-- Supplied information --
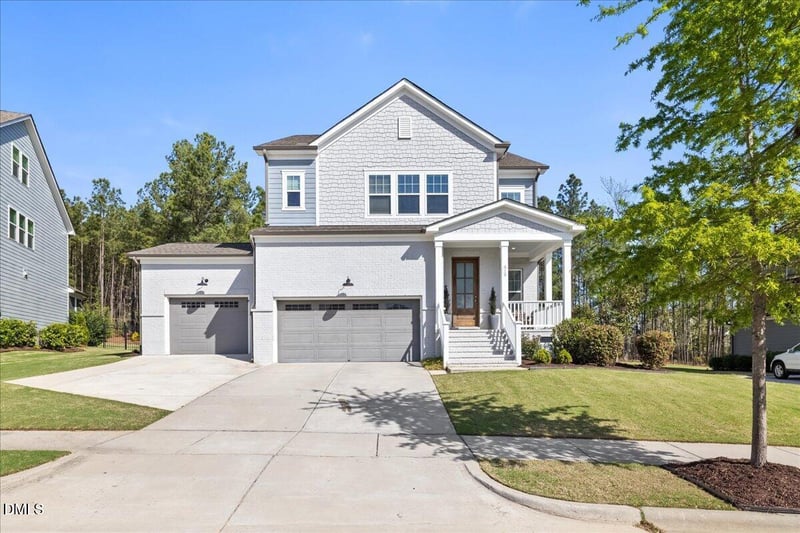 316 Silent Bend Dr, Holly Springs, NC 27540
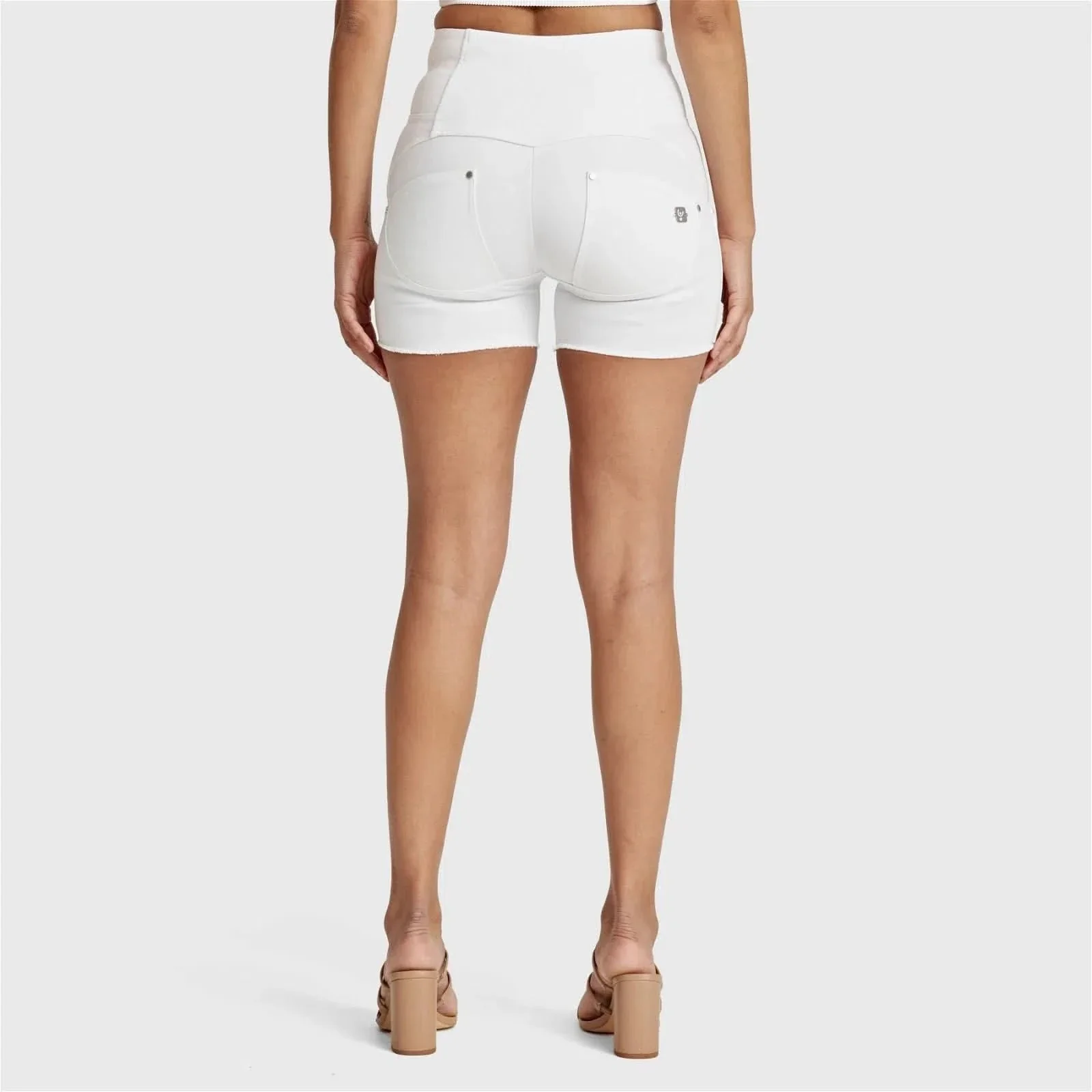 WRUP SNUG Jeans - 3 Button High Waisted - Shorts - White - Image 3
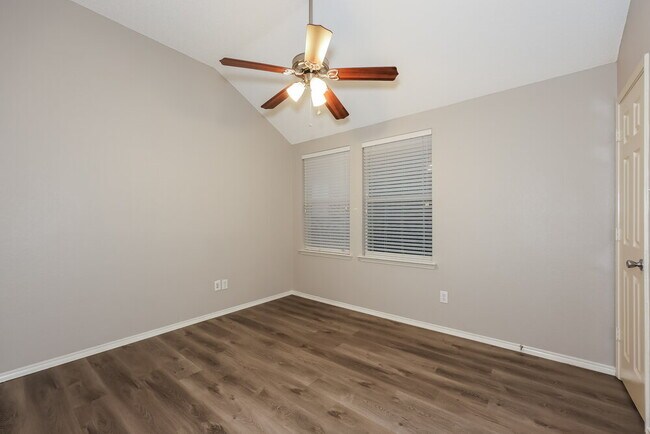 Building Photo - 430 Creekwood Ct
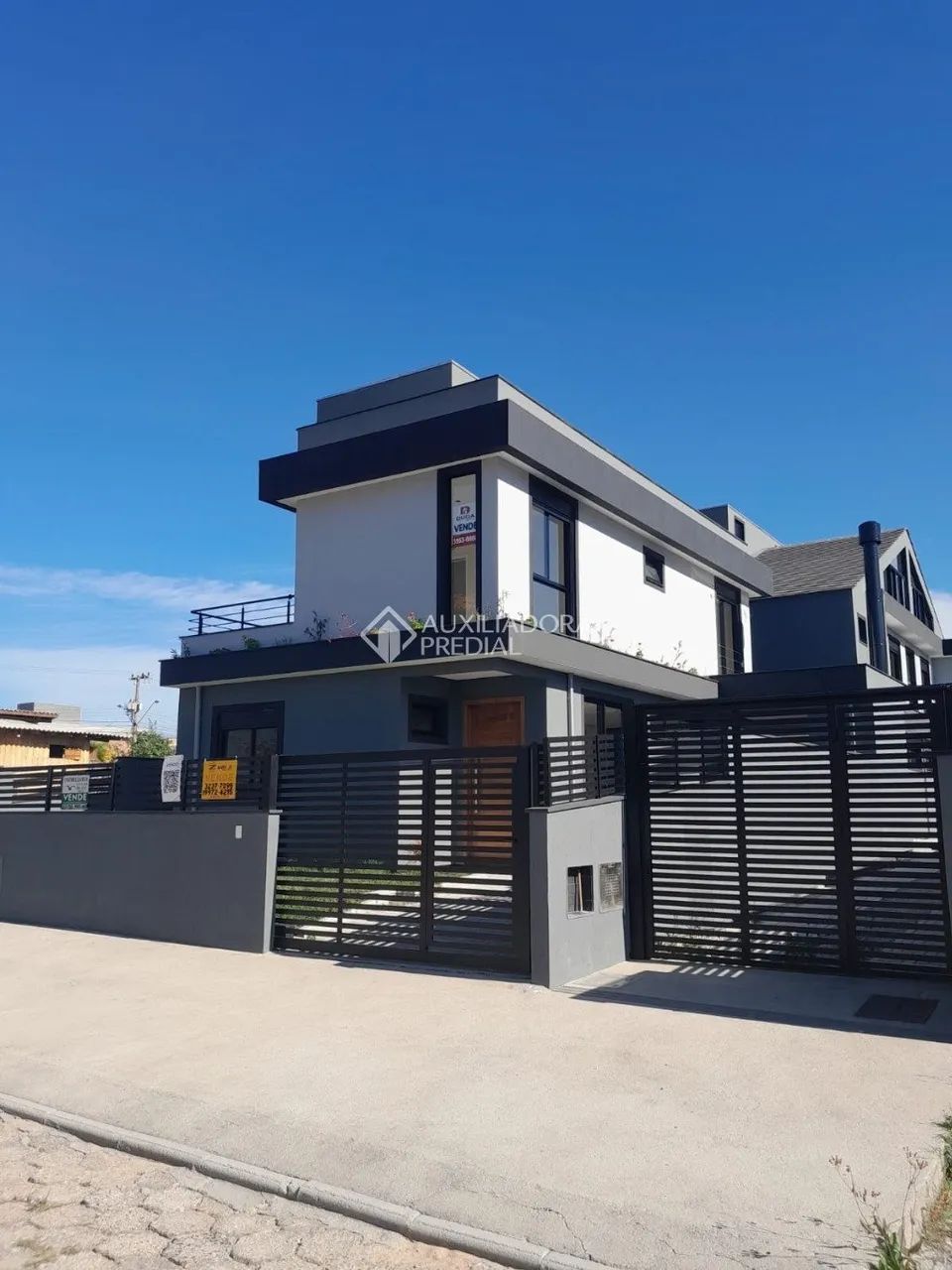 Linda Casa de 2 Pisos com 3 Quartos e Suíte - Foto 2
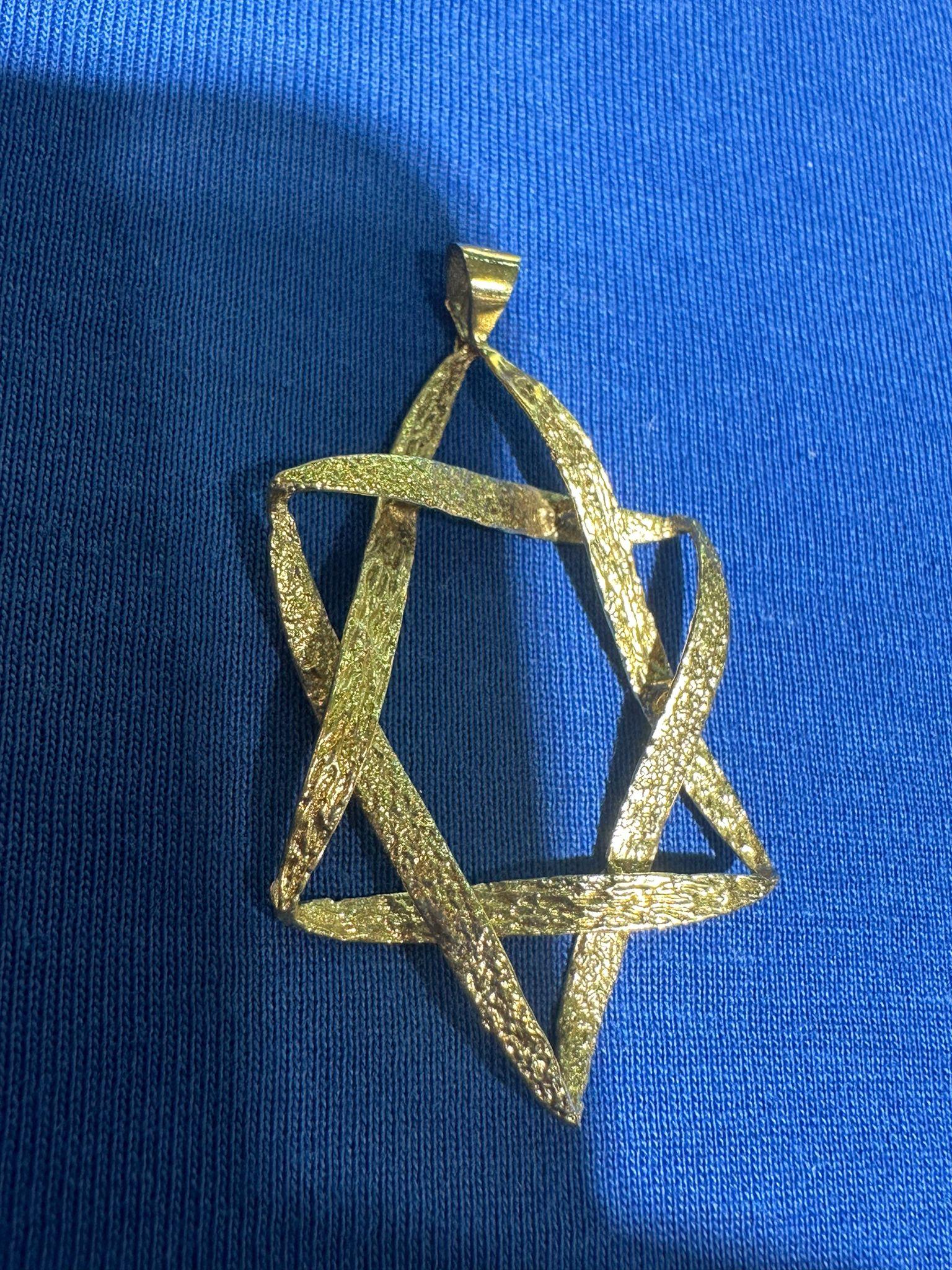 Handmade Vintage 14k Gold Textured Star of David Pendant In Excellent Condition For Sale In New York, NY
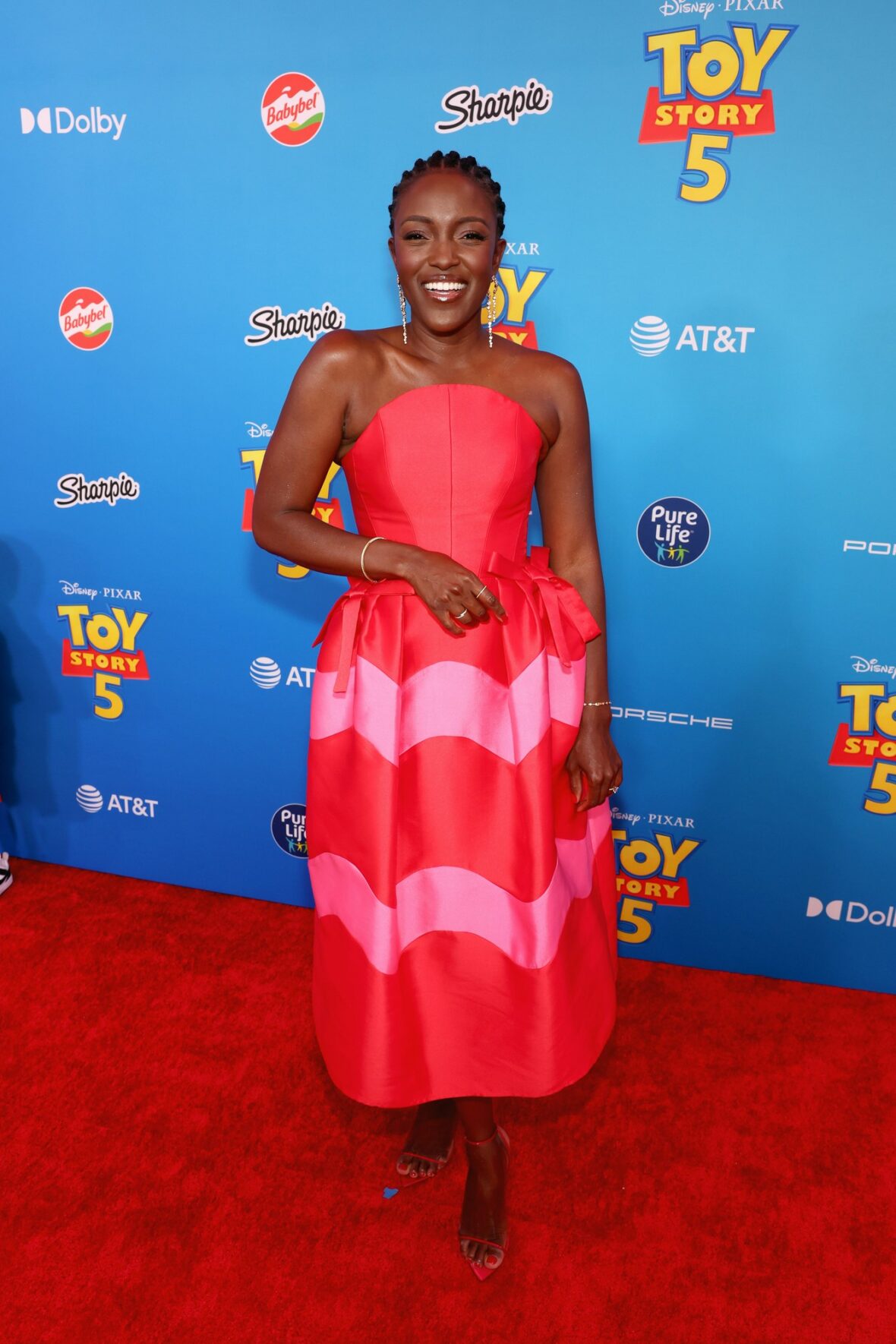 Krys Marshall na estreia de Toy Story 5 em Los Angeles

-- Work to complete --
Could you reproduce exactly the lines running from the one with "Linda Casa de" through the final line of the listing above, both included, and drop the pictures?

-- Answer box --
 Linda Casa de 2 Pisos com 3 Quartos e Suíte - Foto 2
 Handmade Vintage 14k Gold Textured Star of David Pendant In Excellent Condition For Sale In New York, NY
 Krys Marshall na estreia de Toy Story 5 em Los Angeles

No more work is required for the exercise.